Exciton–polariton light-emitting diode based on a single ZnO superlattice microwire heterojunction with performance enhanced by Rh nanostructures
Abstract
One-dimensional (1D) wirelike superlattice micro/nanostructures have received considerable attention for potential applications due to their versatility and capability for modulating optical and electrical characteristics. In this study, 1D superlattice microwires (MWs), which are made of undoped ZnO and Ga-doped ZnO with periodic and alternating crystalline layers (ZnO/ZnO:Ga), were synthesized individually. Under optical excitation, a series of resonance peaks in the photoluminescence spectrum can be ascribed to polariton emission, which originates from the coupling interaction of the 1D photonic crystal and confined excitons along the wire direction.
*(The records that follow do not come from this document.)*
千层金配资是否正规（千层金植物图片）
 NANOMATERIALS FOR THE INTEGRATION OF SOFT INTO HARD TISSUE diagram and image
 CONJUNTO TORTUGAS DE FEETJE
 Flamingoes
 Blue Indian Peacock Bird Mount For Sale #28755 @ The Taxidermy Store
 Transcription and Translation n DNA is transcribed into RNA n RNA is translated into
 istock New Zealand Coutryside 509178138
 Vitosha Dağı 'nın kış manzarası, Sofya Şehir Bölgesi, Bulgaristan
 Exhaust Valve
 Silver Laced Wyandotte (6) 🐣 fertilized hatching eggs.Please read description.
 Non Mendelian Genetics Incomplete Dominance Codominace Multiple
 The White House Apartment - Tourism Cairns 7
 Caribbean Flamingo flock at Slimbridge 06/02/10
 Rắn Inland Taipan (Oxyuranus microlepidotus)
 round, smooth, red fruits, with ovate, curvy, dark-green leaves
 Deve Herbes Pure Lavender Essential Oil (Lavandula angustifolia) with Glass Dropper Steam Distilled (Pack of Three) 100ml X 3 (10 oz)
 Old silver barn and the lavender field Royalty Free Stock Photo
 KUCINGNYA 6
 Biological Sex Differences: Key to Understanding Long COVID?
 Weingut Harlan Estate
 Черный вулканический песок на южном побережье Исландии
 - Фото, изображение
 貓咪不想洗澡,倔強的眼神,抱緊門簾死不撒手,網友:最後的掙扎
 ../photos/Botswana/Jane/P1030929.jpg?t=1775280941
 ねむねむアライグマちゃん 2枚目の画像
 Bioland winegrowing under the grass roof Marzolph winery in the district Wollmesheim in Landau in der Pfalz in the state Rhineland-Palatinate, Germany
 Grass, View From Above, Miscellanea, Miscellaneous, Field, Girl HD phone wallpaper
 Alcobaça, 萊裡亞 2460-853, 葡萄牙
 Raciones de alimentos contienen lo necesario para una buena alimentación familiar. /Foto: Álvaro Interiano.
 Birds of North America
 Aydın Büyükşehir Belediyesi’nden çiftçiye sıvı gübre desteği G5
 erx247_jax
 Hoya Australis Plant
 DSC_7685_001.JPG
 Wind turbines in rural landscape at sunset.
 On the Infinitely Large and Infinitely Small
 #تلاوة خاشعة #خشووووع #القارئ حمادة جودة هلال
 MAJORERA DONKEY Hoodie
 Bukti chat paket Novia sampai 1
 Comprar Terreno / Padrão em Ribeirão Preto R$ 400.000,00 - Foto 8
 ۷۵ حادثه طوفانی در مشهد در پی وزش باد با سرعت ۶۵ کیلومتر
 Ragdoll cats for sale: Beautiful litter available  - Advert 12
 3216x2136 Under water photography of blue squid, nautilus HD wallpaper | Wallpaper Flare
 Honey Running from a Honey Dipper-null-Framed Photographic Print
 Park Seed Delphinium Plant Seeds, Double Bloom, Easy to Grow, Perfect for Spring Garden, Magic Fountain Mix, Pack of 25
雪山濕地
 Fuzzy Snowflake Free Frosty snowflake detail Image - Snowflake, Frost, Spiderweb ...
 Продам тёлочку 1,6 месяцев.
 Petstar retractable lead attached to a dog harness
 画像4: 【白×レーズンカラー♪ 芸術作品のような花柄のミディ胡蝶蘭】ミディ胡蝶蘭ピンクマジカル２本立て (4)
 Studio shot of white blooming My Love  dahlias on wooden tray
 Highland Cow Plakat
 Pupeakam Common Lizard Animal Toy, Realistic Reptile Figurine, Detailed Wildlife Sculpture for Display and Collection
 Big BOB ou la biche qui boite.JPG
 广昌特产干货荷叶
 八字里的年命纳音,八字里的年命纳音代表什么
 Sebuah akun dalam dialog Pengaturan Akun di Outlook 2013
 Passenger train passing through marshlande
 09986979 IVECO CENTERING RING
Using a p-type GaN layer as the hole transport layer, a kind of waveguide light source based on an individual ZnO/ZnO:Ga superlattice MW was proposed and constructed. By analysing the spatially resolved electroluminescence spectra, the observed multipeak was ascribed to exciton–polariton emission with a vacuum Rabi splitting of about 275 meV. Cladding with Rh nanostructures gives rise to appropriate ultraviolet plasmons, and the Rabi splitting energy of our device was enhanced up to 413 meV. The exciton–polariton properties were further examined using angle-resolved electroluminescence measurements. Therefore, individual superlattice MWs can act as optical microresonators to achieve photon–exciton coupling with a large Rabi splitting energy. The experimental results indicate that an individual ZnO/ZnO:Ga superlattice MW can be generally used in developing exciton–polariton luminescence/lasing light sources, particularly for constructing low-threshold/thresholdless lasers toward pragmatic applications.